The lines to extract begin at the line that contains "30Cm Teddy Bear" and run through the last line of the listing; reproduce them exactly, minus any pictures.
↓
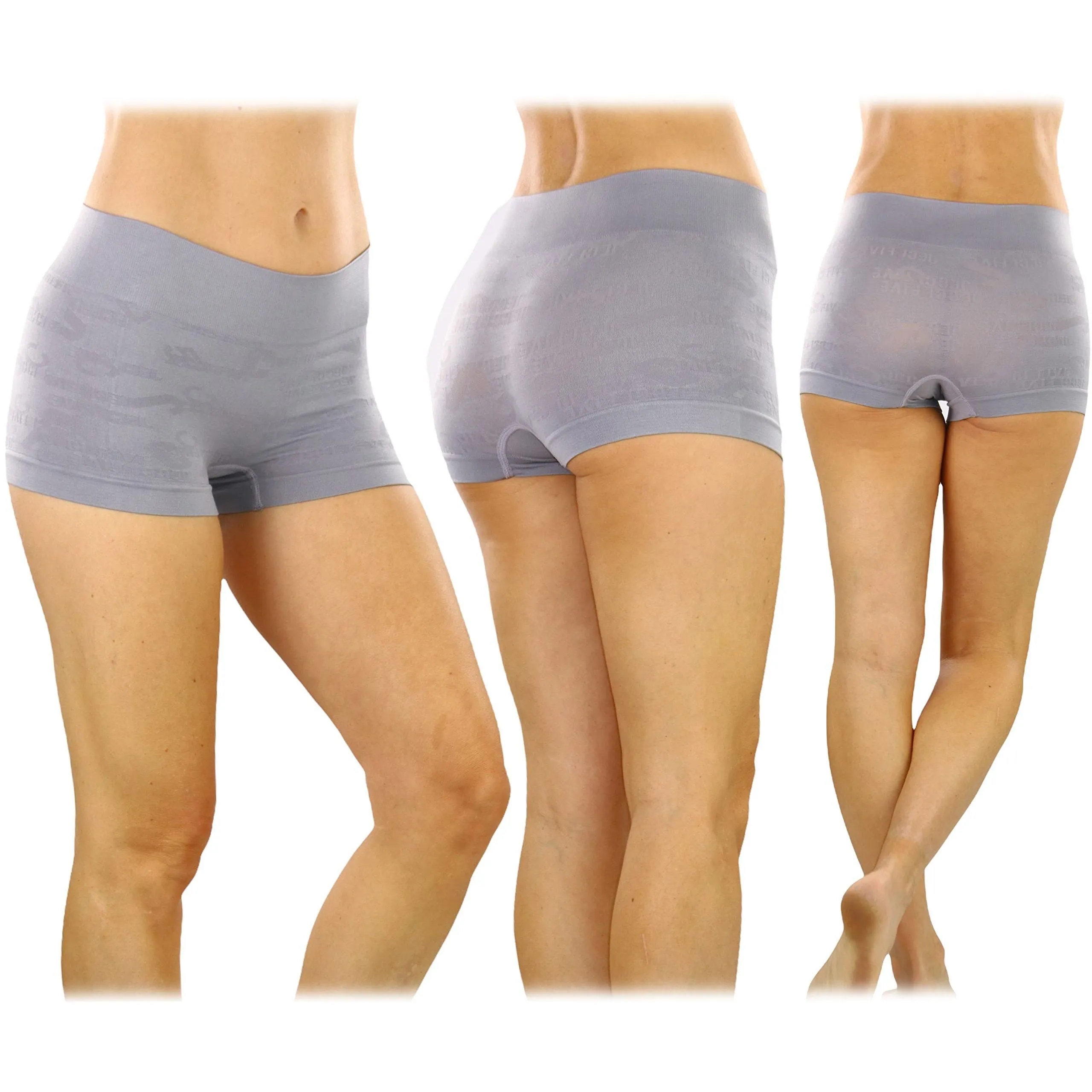 6-Pack: Women's Stretch Microfiber Cheeky Boyshort Panties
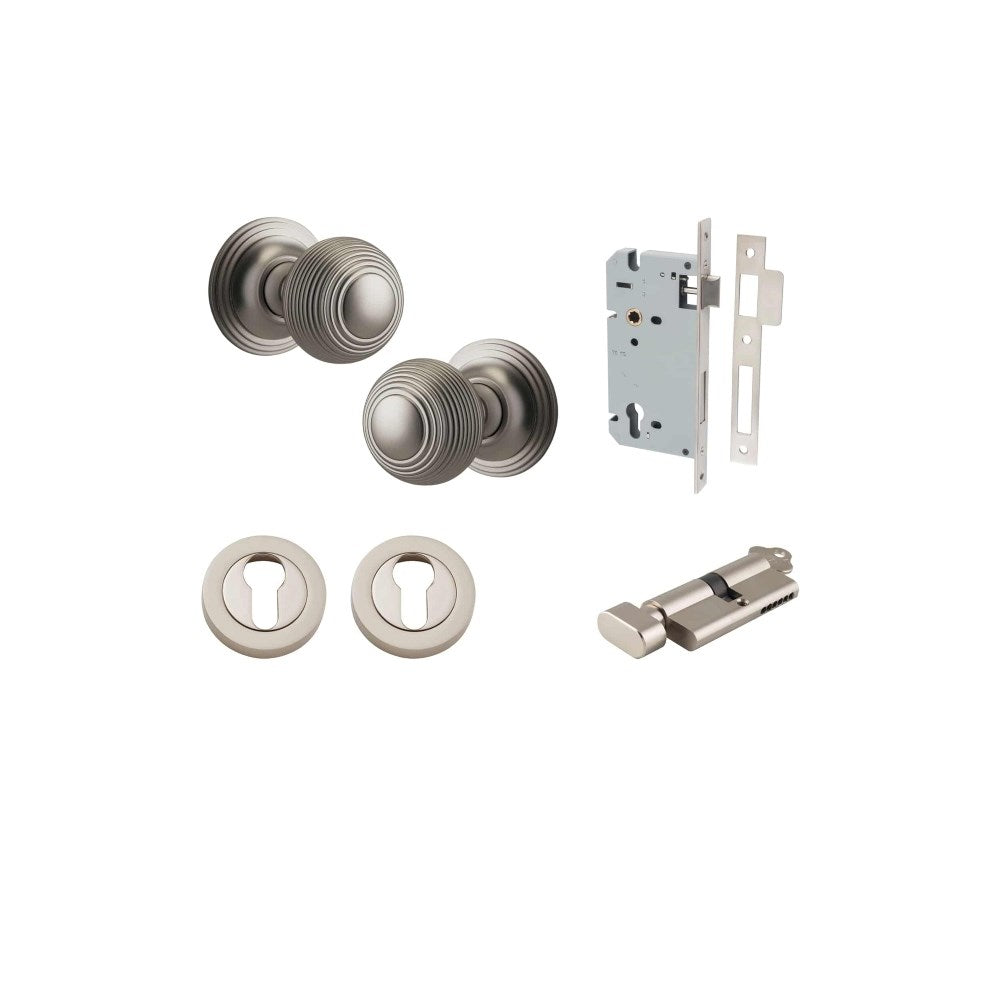 Guildford Round Rose Door Knob Set, Concealed Fix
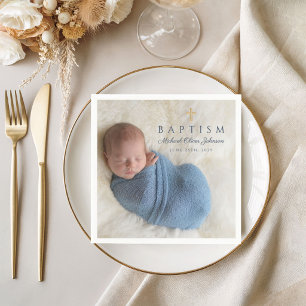 Modern Blue Religious Cross Boy Baptism Photo Napkin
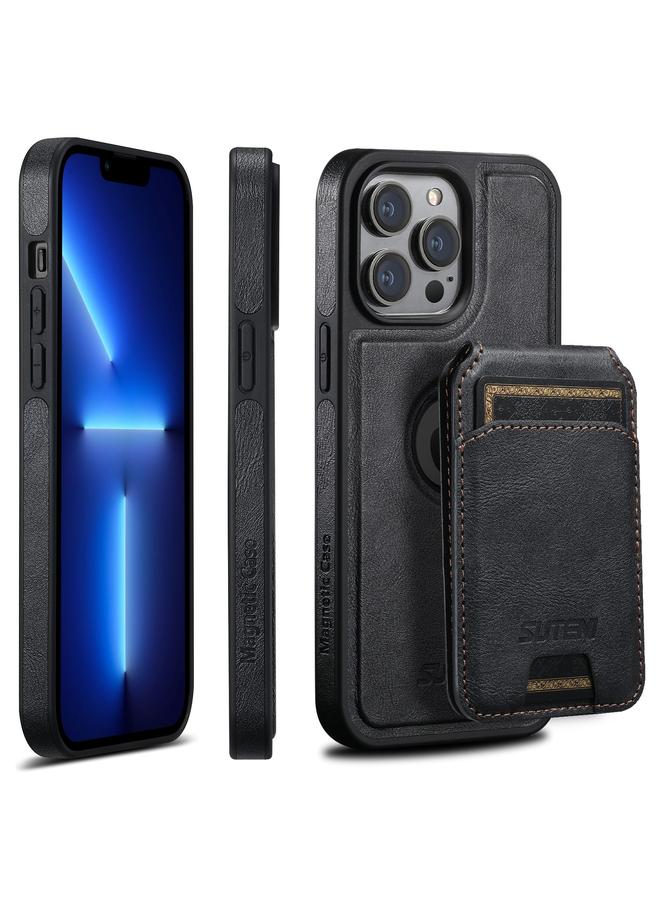 Suteni Case For iPhone 13 Pro M2 Oil Wax MagSafe Horizontal Card Bag Phone Case - Image 1
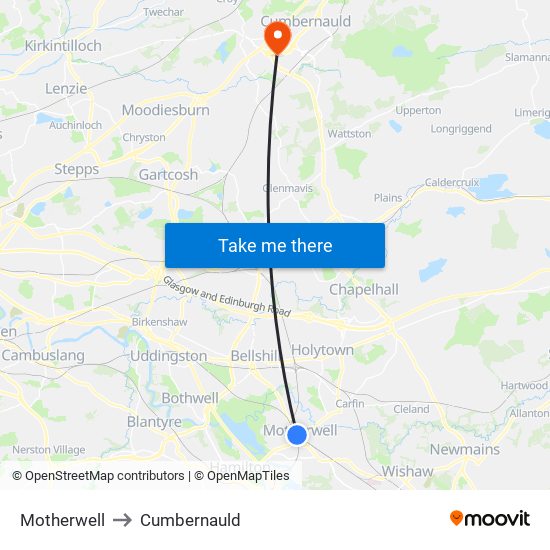 Motherwell to Cumbernauld map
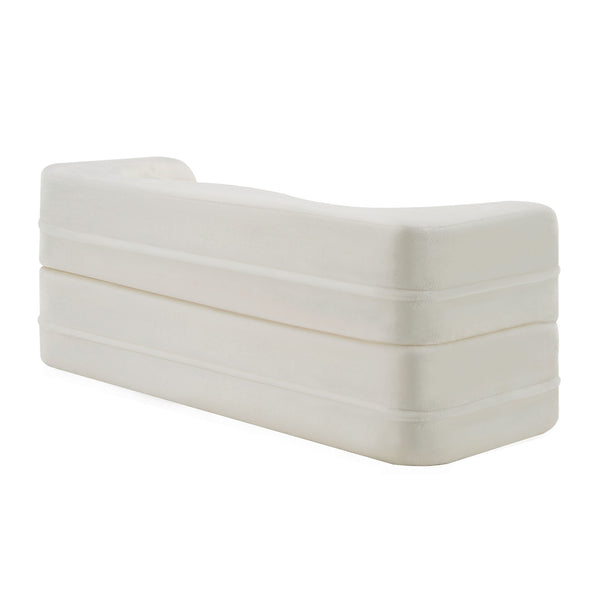 English Elm Queen Plush Floor Sofa Futon with 4 Pillows — Modern Foam Folding Couch Mattress for Living Room Guest Bedroom White W3612P336073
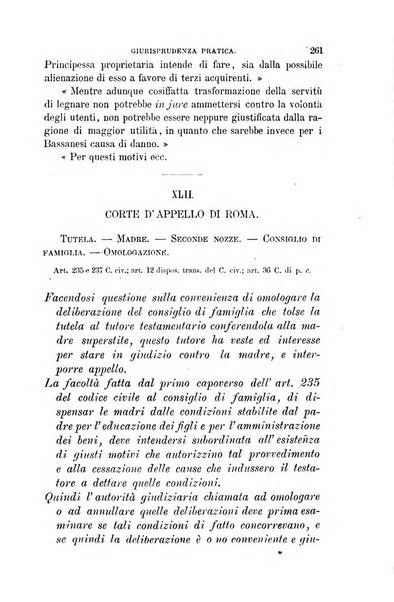 Giornale del Foro in cui si raccolgono le più importanti regiudicate dei supremi tribunali di Roma e dello Stato pontificio in materia civile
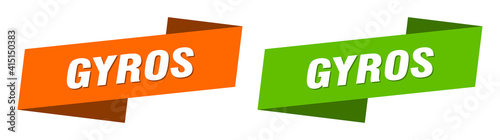 gyros banner. gyros ribbon label sign set
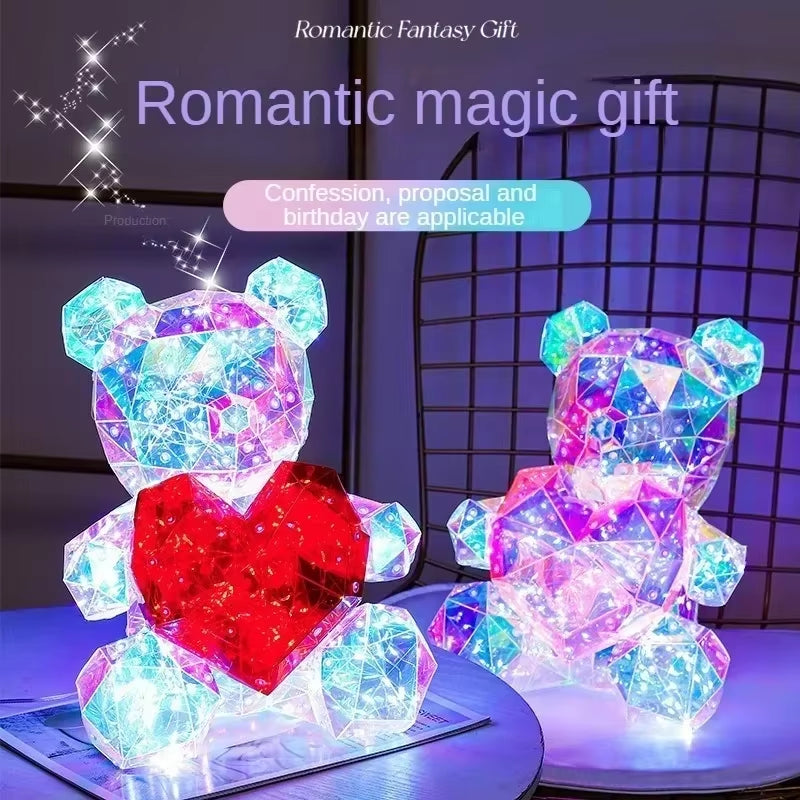 30Cm Teddy Bear Doll Gift Lamp Colorful Sparkling Romantic Surprise LED Gift Light Girls Birthday Valentine'S Day Bedroom Decor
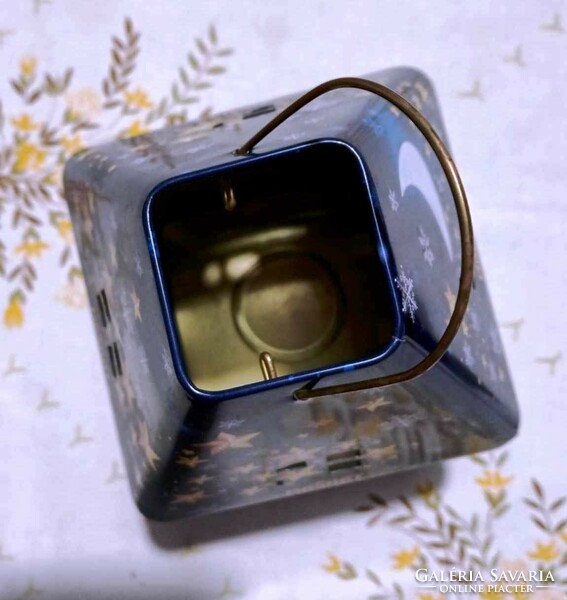 Metal box or candle holder with Christmas decoration, for sale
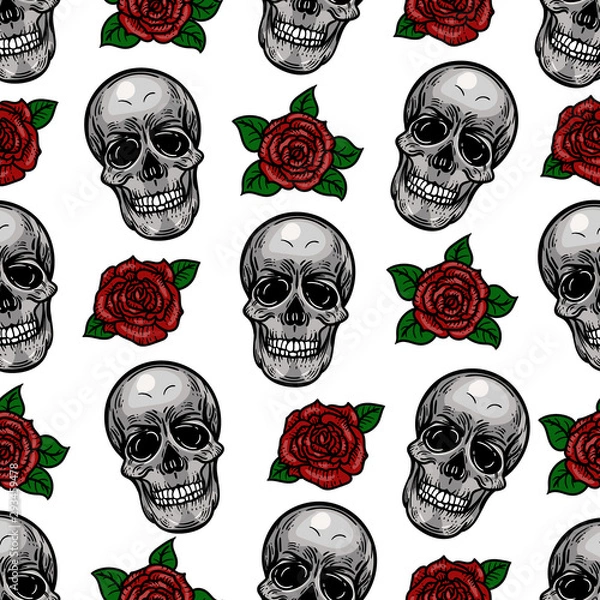 Fototapeta Vector hand drawn colorful seamless pattern of skull and roses in the engraving style on white background.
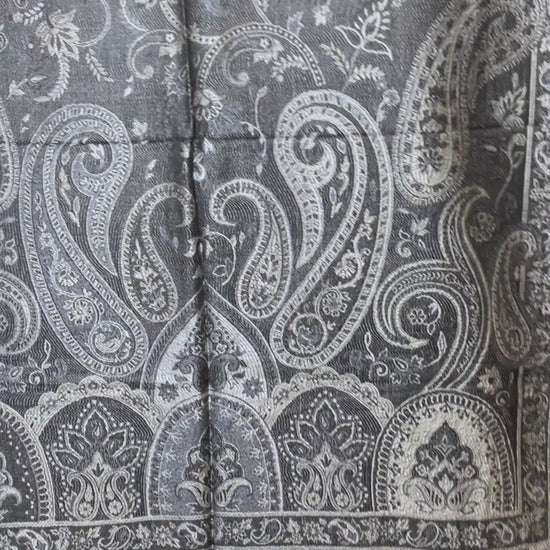 Getragen: Unisex Paisley Schal Damen Herren Silber Grau Schwarz video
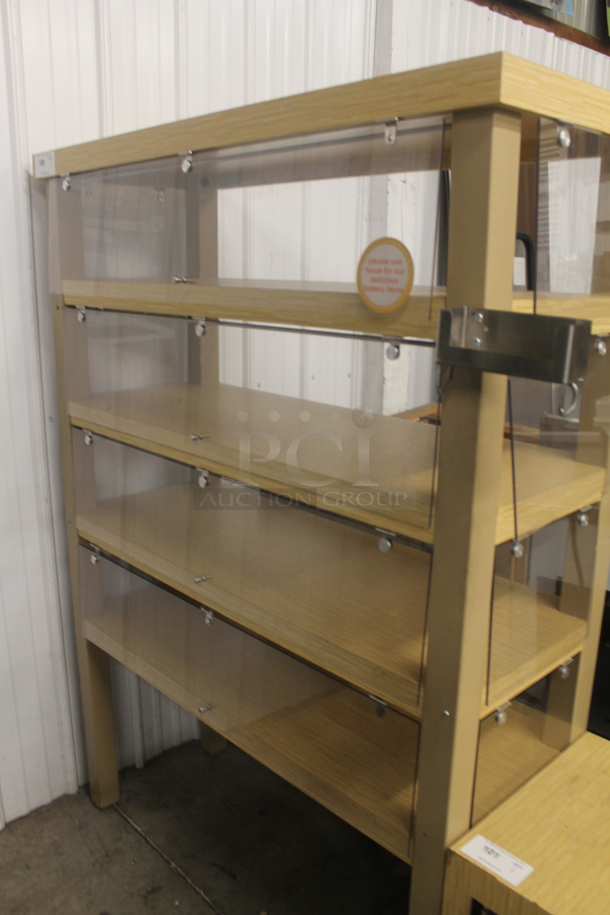 Wood Pattern 5 Tier Shelving Unit w/ Poly Doors. - Image 4 of 4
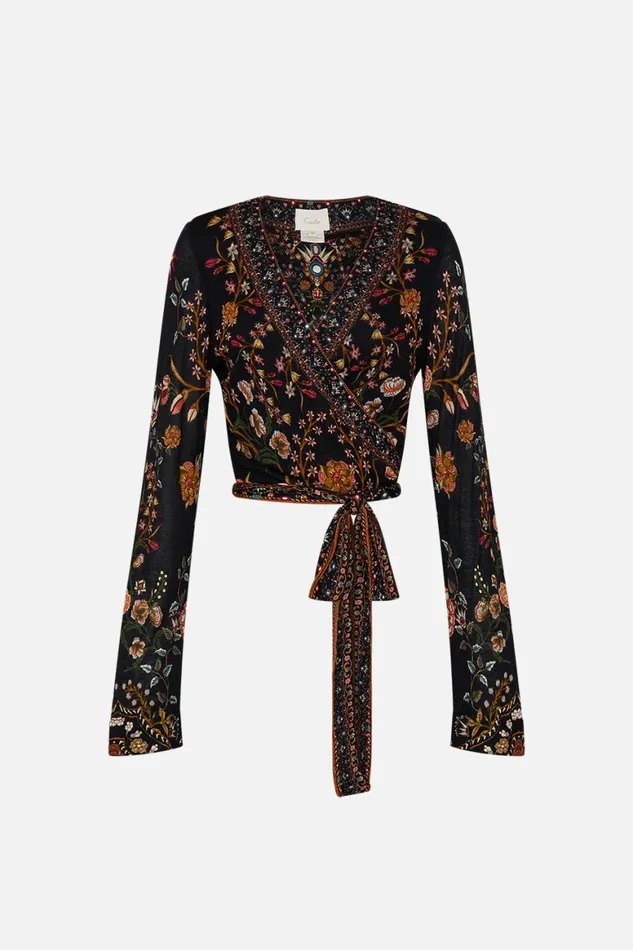 LONG SLEEVE WRAP TOP LOOM TO TOMB Loom To Tomb Womens Camilla Knitwear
↑
Exercise solution:
 30Cm Teddy Bear Doll Gift Lamp Colorful Sparkling Romantic Surprise LED Gift Light Girls Birthday Valentine'S Day Bedroom Decor
 Metal box or candle holder with Christmas decoration, for sale
 Fototapeta Vector hand drawn colorful seamless pattern of skull and roses in the engraving style on white background.
 Getragen: Unisex Paisley Schal Damen Herren Silber Grau Schwarz video
 Wood Pattern 5 Tier Shelving Unit w/ Poly Doors. - Image 4 of 4
 LONG SLEEVE WRAP TOP LOOM TO TOMB Loom To Tomb Womens Camilla Knitwear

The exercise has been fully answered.